▸ **Exercise requirements**:
Output the lines of the records from the one containing "Our outdoor paver" through the last, both ends included. Leave pictures out.

Data shown: Begin

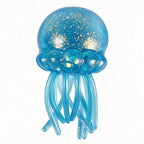 Blue jellyfish-shaped toy with glowing interior on a white background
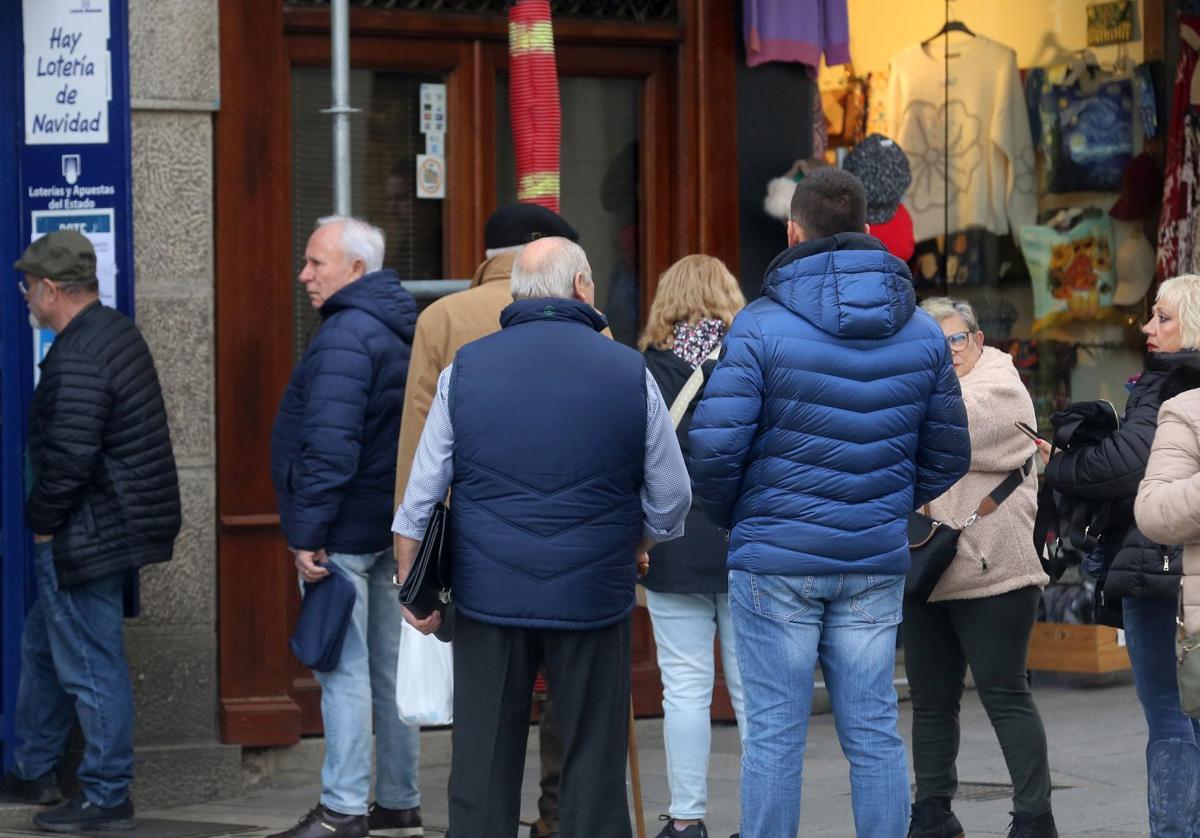 Varias personas hacen cola a las puertas de una administración de lotería en la provincia.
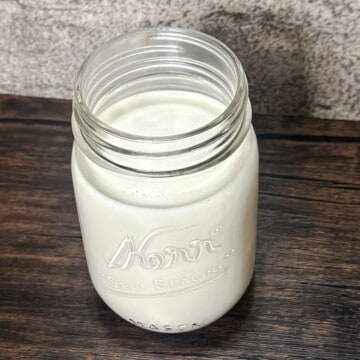 A mason jar filled with creamy cashew milk that shows the front of the clear jar as well as slightly some of the top of the jar.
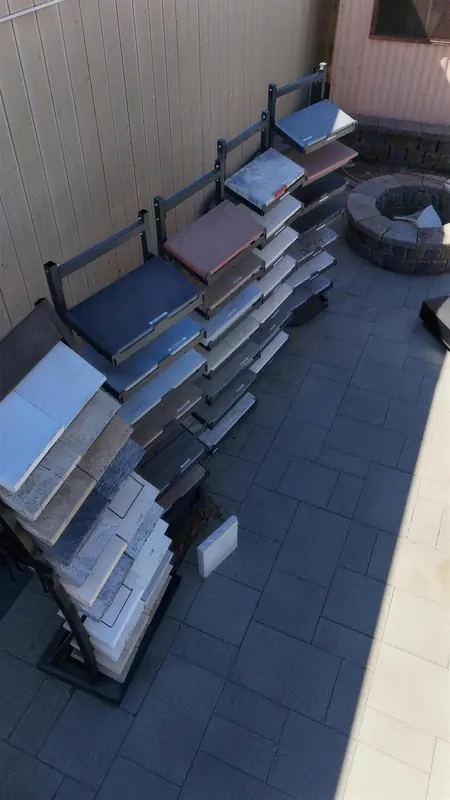Our outdoor paver showroom featuring installed examples, fire pit displays, and sample racks to help you visualize your project.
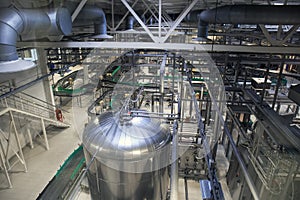 Brewery production line, steel tanks or vats for beer fermentation and manufacturing, pipelines and modern machinery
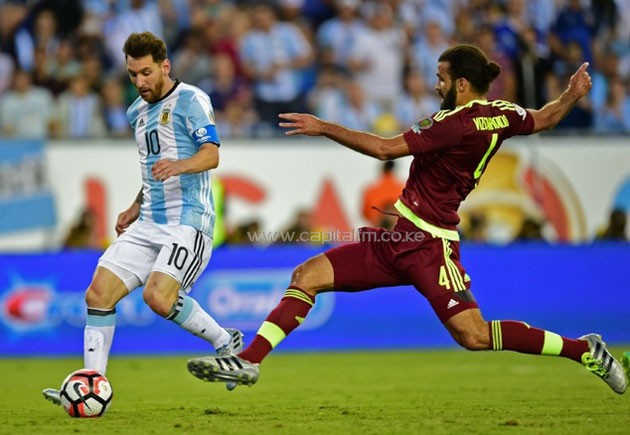 Argentina's Lionel Messi (L) fights for the ball with Venezuela's Oswaldo Vizcarrond- PHOTO/DailyMail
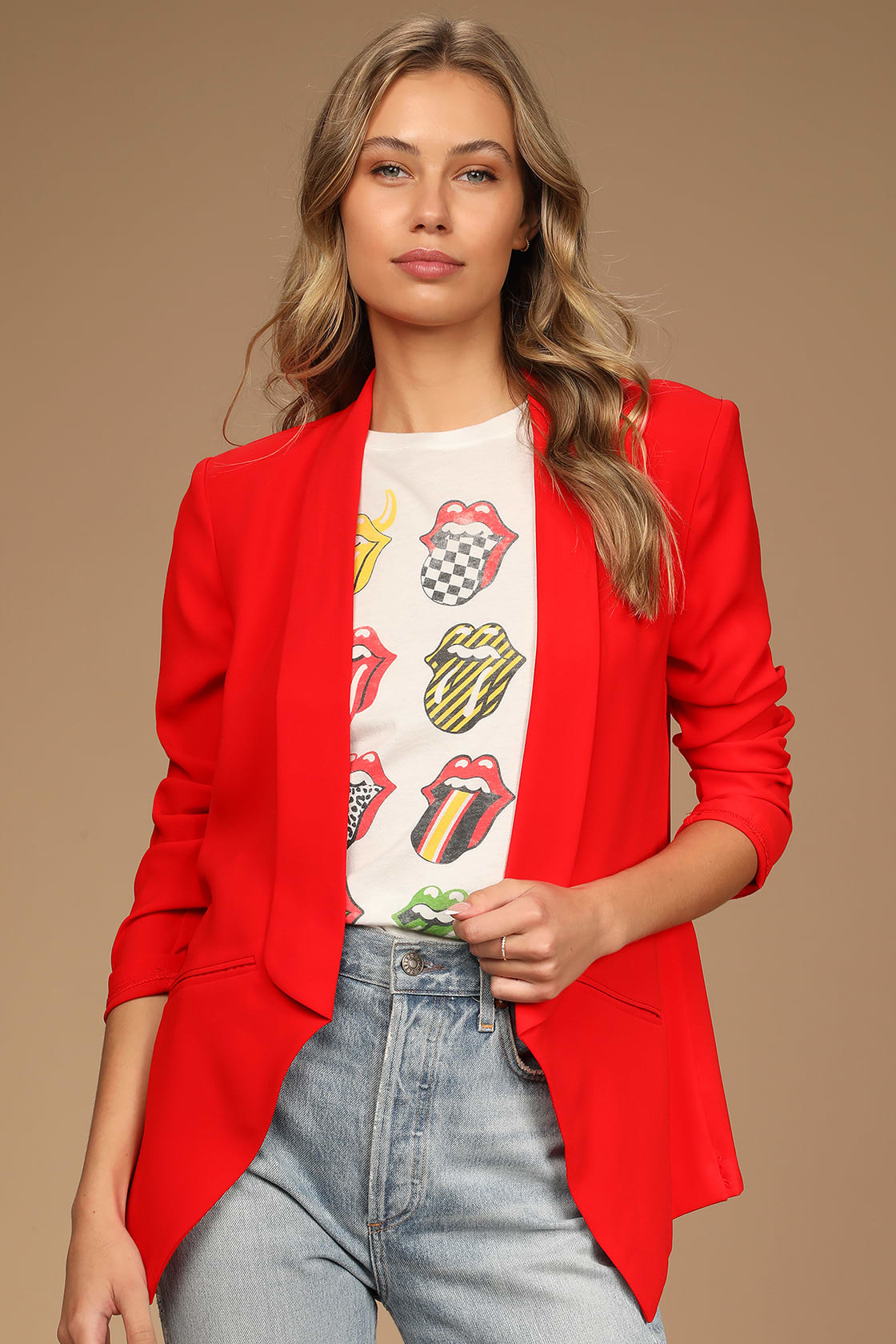 Model wearing red blazer over band tee with jeans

Data shown: End

▸ **Answer for the task**:
Our outdoor paver showroom featuring installed examples, fire pit displays, and sample racks to help you visualize your project.
 Brewery production line, steel tanks or vats for beer fermentation and manufacturing, pipelines and modern machinery
 Argentina's Lionel Messi (L) fights for the ball with Venezuela's Oswaldo Vizcarrond- PHOTO/DailyMail
 Model wearing red blazer over band tee with jeans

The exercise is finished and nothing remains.